Unofficial results show voters support Troutdale gas tax
Incremental 3-cent-per-gallon tax would fund street maintenance
With unofficial results approaching 54 percent of voters in support on Tuesday evening, Nov. 3, the Troutdale fuel tax appears on its way to reality. Final tabulations will not be issued until Nov. 18 after Multnomah County tracks down any ballots with missing signatures, late arrivals or with unclear votes.
The measure was placed before voters after months of debate and planning by the Troutdale City Council to ensure its success. Settling on a 3-cent tax, the council designed the fuel tax to be phased in one penny per gallon at a time for the next three years. The revenue will be used to supplement dwindling street maintenance funds. Before the tax was sent to the ballot, Troutdale was facing a $500,000 discrepancy between state funding and needs to maintain the citys street system.
"The majority understood this is a wise investment," said Mayor Doug Daoust in a press release. "Every $1 spent on street preservation saves up to $12 for reconstruction."
A fuel tax was selected in lieu of a street utility fee or increased vehicle registration fees, based on results from a focus group held in February. Most concerns from the council and Troutdale residents stemmed from an assumed link between prices at the gas pump and the gas tax, but studies have shown there is no discernible link.
Eugene, for example, has a 5-cent gas tax, yet fuel prices are lower than Cottage Grove, which only has a 3-cent tax.

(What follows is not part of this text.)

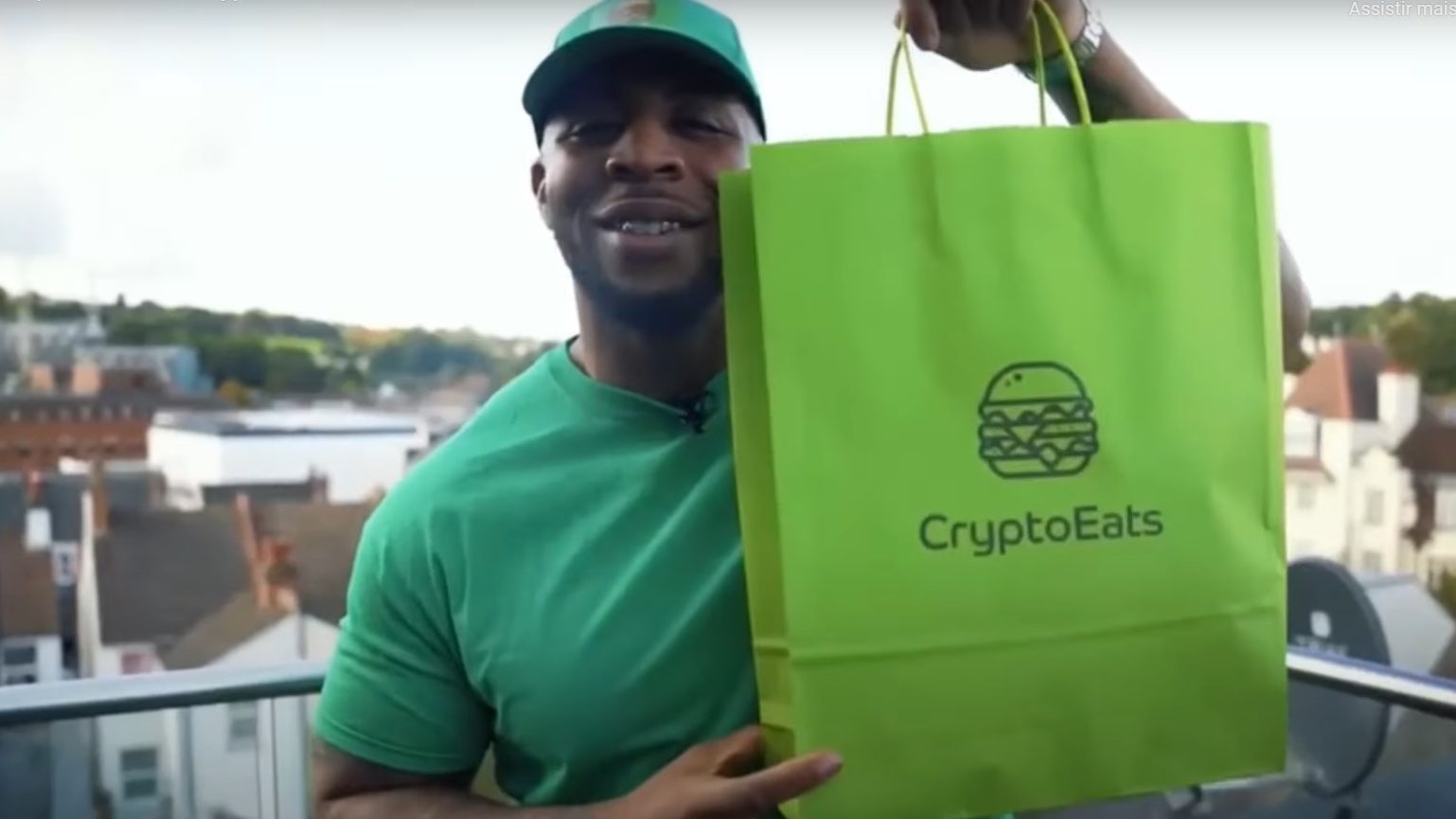 Bouncer Influencer in CryptoEats Outreach Video (Image: Playback/ YouTube)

Once implemented Jan. 1, 2016, tax collection will be managed by the Oregon Department of Transportation thanks to a preemptive ordinance the council recently passed in October. The council chose this route, as ODOT already collects the state motor vehicle tax, eliminating the need for Troutdale to set up a potentially costly system.
The main reason the community supports continued funding for the maintenance program is it extends the useful life of the pavement before it has to be rebuilt. With proper maintenance, the pavement can last up to 100 years, said Troutdale Public Works director Steve Gaschler. And the money collected in Troutdale stays in Troutdale."
The measure included an accountability system, to demonstrate where the tax funds are being used.
"We are going to show the public exactly where the dollars are going," said Councilor Larry Morgan.
Come January, a public reporting system will track revenues and expenditures, creating reports available to the public.